[Entries supplied Boundary: Start]

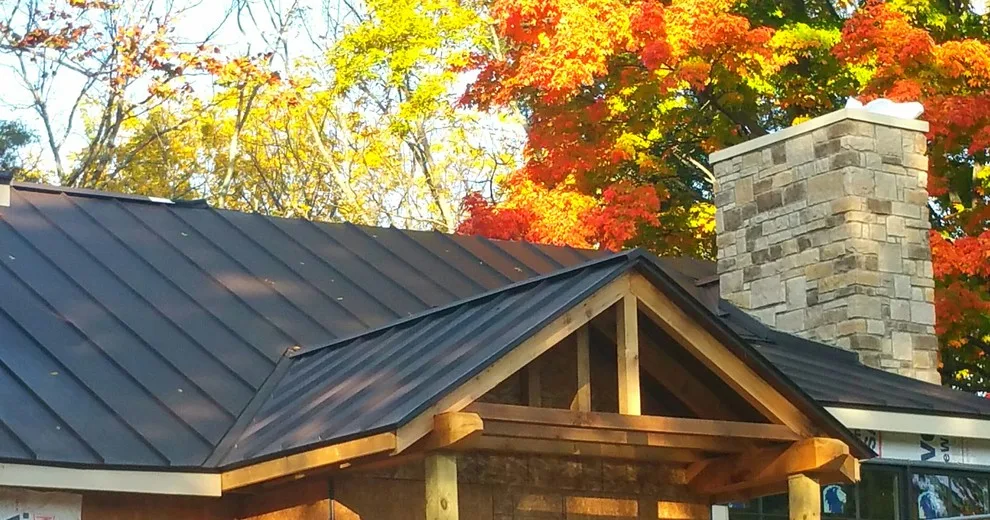 Ohio Metal Roofing Solutions by Ohio Metal Roofing - Photo 20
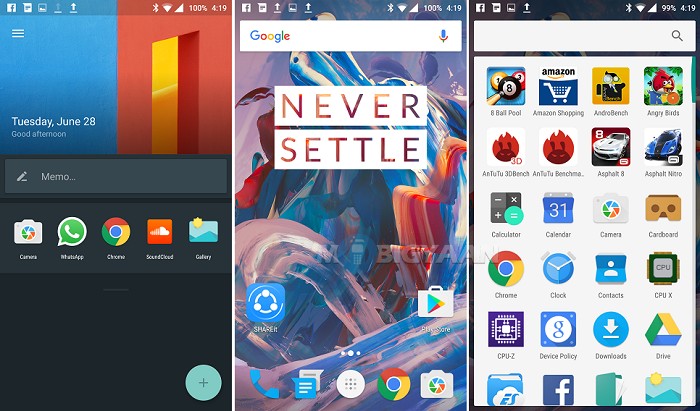 OnePlus 3 Review - Beauty And The Beast 19 OnePlus 3 Review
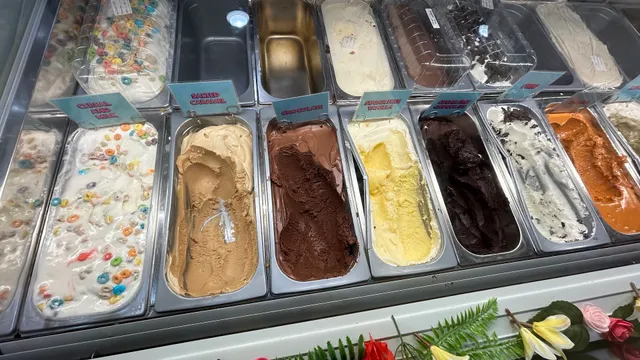 Gelato & Chill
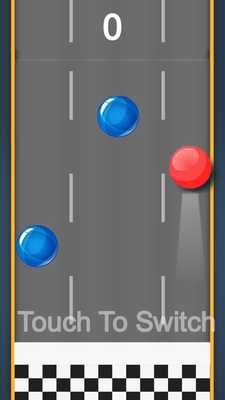 Emulate Android APK Road Balls Emulate Android APK Road Balls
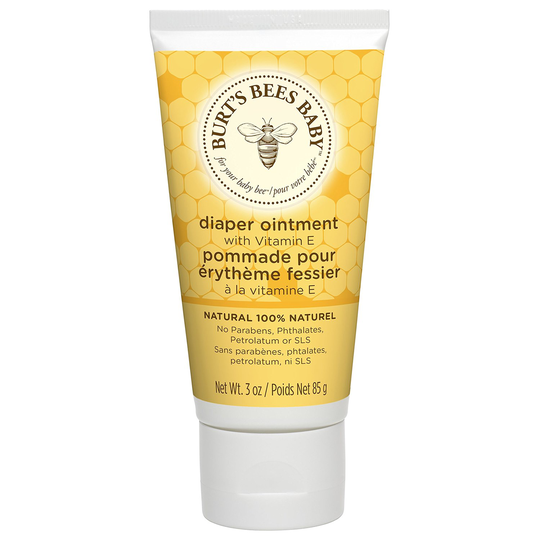 Burt's Bees Baby Diaper Ointment, 85 g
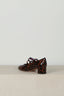 Carel - Sandalen - Kina 22 - Brown Leopard - BYLOTTE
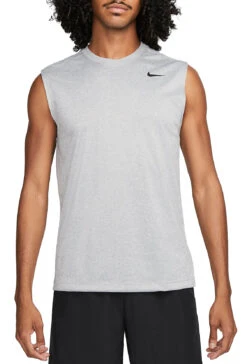 Canotte E Top Nike Dri-FIT Legend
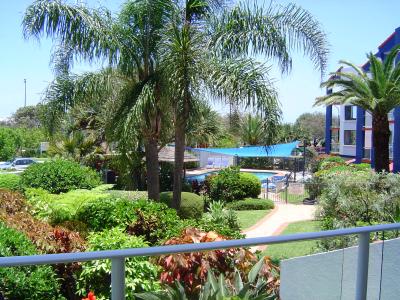 Casablanca Beachfront Apartments - Surfers Gold Coast 8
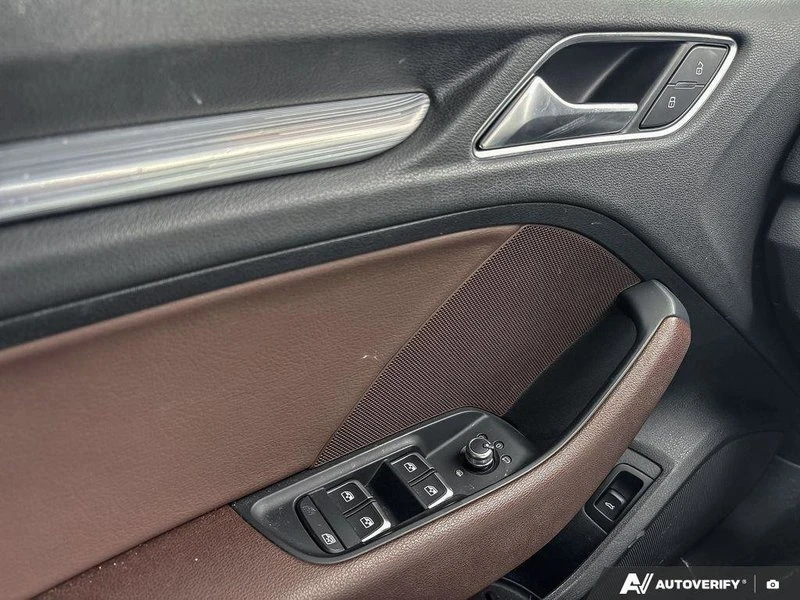 2018 Audi 8V A3 - Image 18 of 19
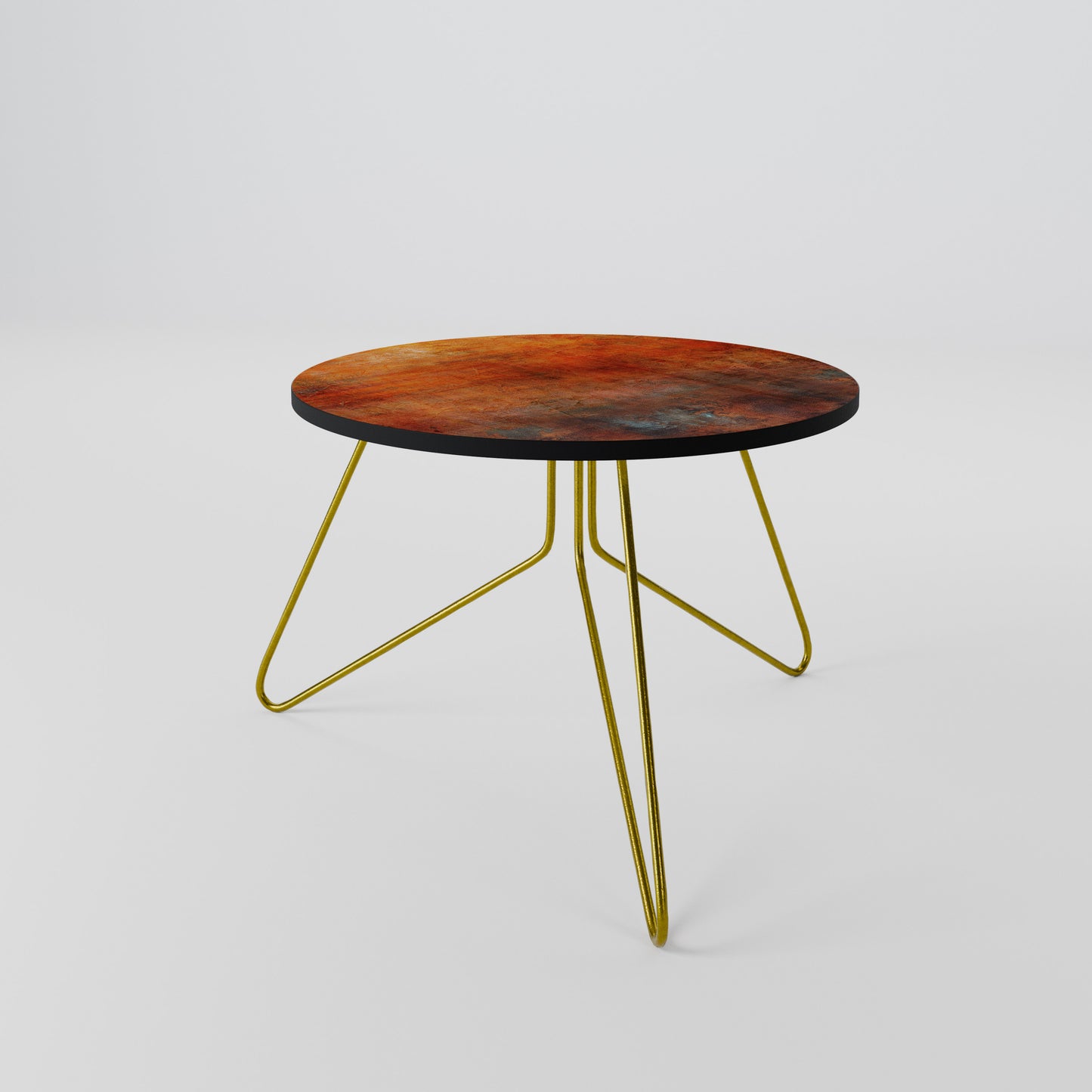 ECHOES OF EUPHORIA Coffee Table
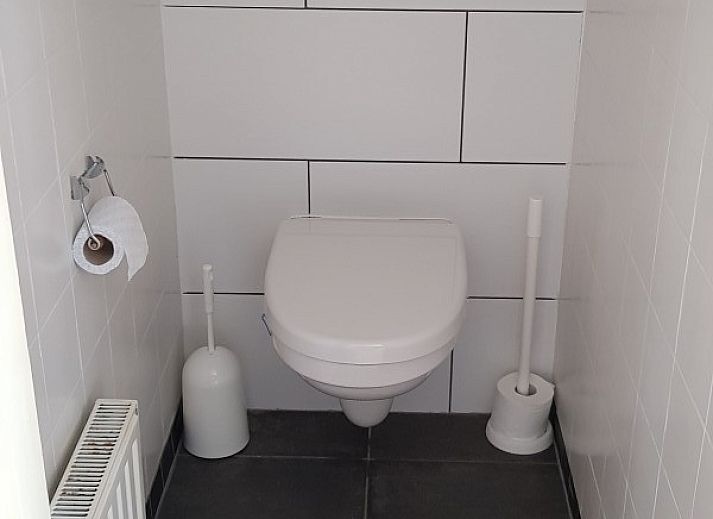 Unterkunft 031308 - Bungalow Terschelling - Zeekoet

[Entries supplied Boundary: End]

* Exercise goal
Leaving the pictures out, set down exactly the lines from the one with "Emulate Android APK Road Balls Emulate" through the end of the records.

* Written response
 Emulate Android APK Road Balls Emulate Android APK Road Balls
 Burt's Bees Baby Diaper Ointment, 85 g
 Carel - Sandalen - Kina 22 - Brown Leopard - BYLOTTE
 Canotte E Top Nike Dri-FIT Legend
 Casablanca Beachfront Apartments - Surfers Gold Coast 8
 2018 Audi 8V A3 - Image 18 of 19
 ECHOES OF EUPHORIA Coffee Table
 Unterkunft 031308 - Bungalow Terschelling - Zeekoet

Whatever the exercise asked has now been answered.